The stock market has not seen Initial Public Offerings in a while; what reasons could be adduced for this?
The reason we have not had many IPOs is because of the listing criteria. Not that they are too stringent as such but they are quite a lot and not many companies can meet the listing criteria.
Secondly, how has the economy and businesses in it performed in recent times? Do they have a good story to tell? If we have not created enough businesses that meet the listing criteria, then we would not have IPOs.
MTN has been the whopping company that we had our eyes on because when you look at the telecommunications market, it only appears that the viable entity that should come to the market is MTN. But MTN is already listed on the Johannesburg Stock Exchange.
If more sectors begin to become buoyant and companies within those sectors are meeting listing requirements, then you would see these companies coming to the market for IPOs.
Is the proposed MTN IPO still likely this year?
I cannot speculate on MTN’s IPO; I think that when the time is right, the company will make a decision.
One has to be very careful though, as MTN has been in the news for some reasons. You need to look at the economy; if they are doing very well and they are being subjected to fines, when they list, will it amount to a potential exit of current investors? The fact that MTN wants to do an IPO may not be a positive development. It may be an exit strategy for the current investors. So, it is too early to speculate on whether they would do an IPO or not.

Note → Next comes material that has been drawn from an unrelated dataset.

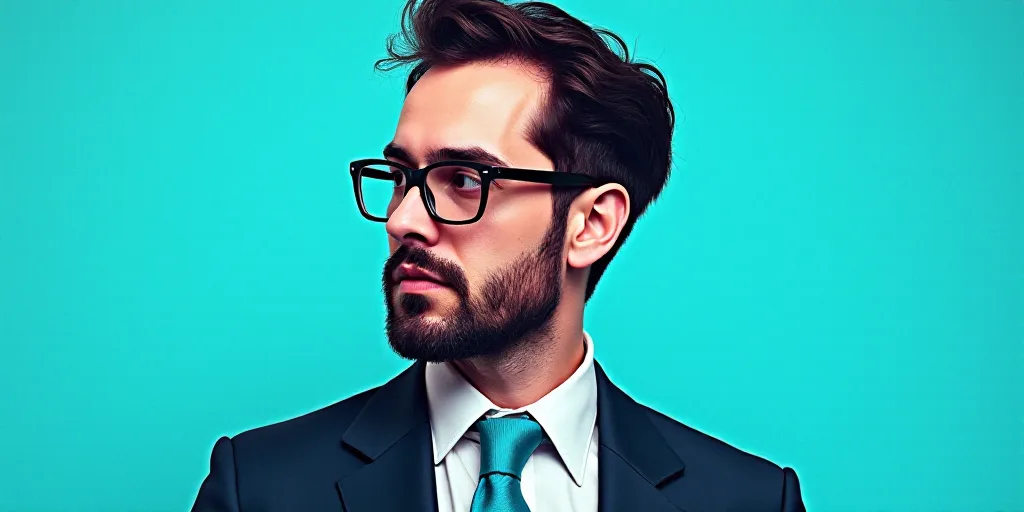 a man in a suit and glasses with a blue background and a quote from the author, fausto prettiin mund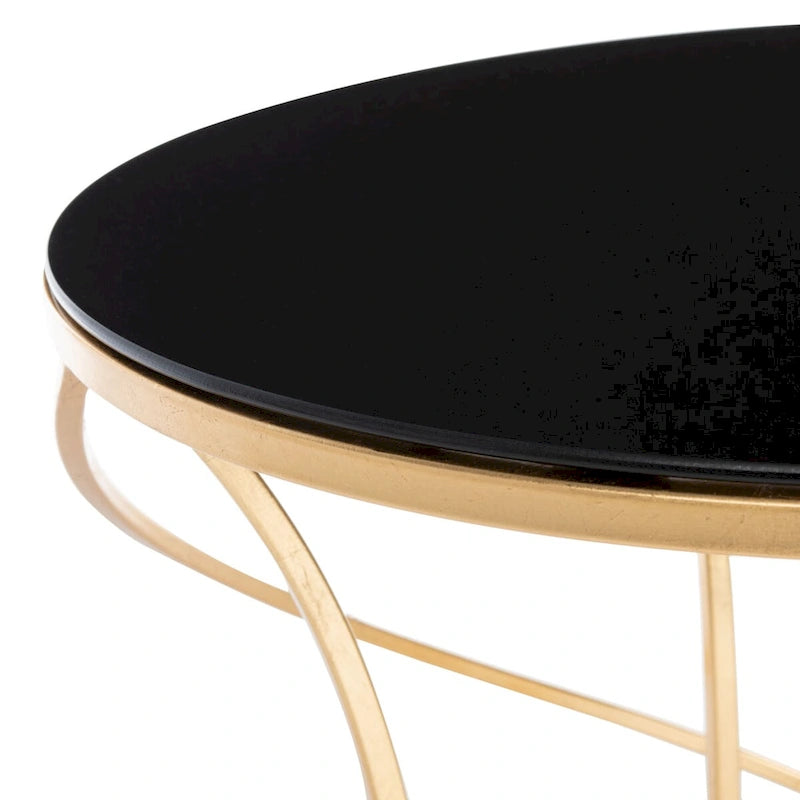 Gold & White Top Accent Table - 20W x 20D x 21H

What can be done to encourage more domestic investors in the stock market?
One way is to increase access to the market by youths. In a country of 180 million people and counting, do we have unique individual investors active in the market? So, we need to increase access to the market, create multiple trading points, reduce the entry criteria for young people to be able to understand the market, leverage technology and begin to learn how to trade with very little capital.
Today, we focus on high net worth individuals such as corporate and institutional investors, but for you to increase the frequency of trading, one needs to leverage technology and reduce the barriers to people accessing the capital market. For instance, if I have to physically go to the Central Securities Clearing System to thumbprint and snap for a passport photograph, it is really stressful and archaic.
There is a need to reduce the process of opening a CSCS account as the first barrier to allowing more young investors access the market. If we have more of domestic investors, we would not be having this current fear of what the exit of foreign investors may bring. Failure to do that, in subsequent years, mean that when foreign investors sneeze, we would catch cold. We need to automate the process and leverage technology.
As a key operator and stakeholder in the capital market, what is BlackBit looking to do to contribute positively to the market performance?
We are an issuing house and we focus on infrastructure, we hope to see that some of the transactions we have done in recent times yield expected results. We monitor companies to ensure that corporate governance is observed and adherence to rules and regulations, and then we usher them into the market.
We are incubating companies that are capable of being introduced into the capital market. We also select viable companies that are able to build traction within three to four years and make good positive returns. After that, we can then take them through an IPO process. So, in essence, we are creating companies spanning energy and infrastructural sectors, among others, in readiness for listing through IPOs.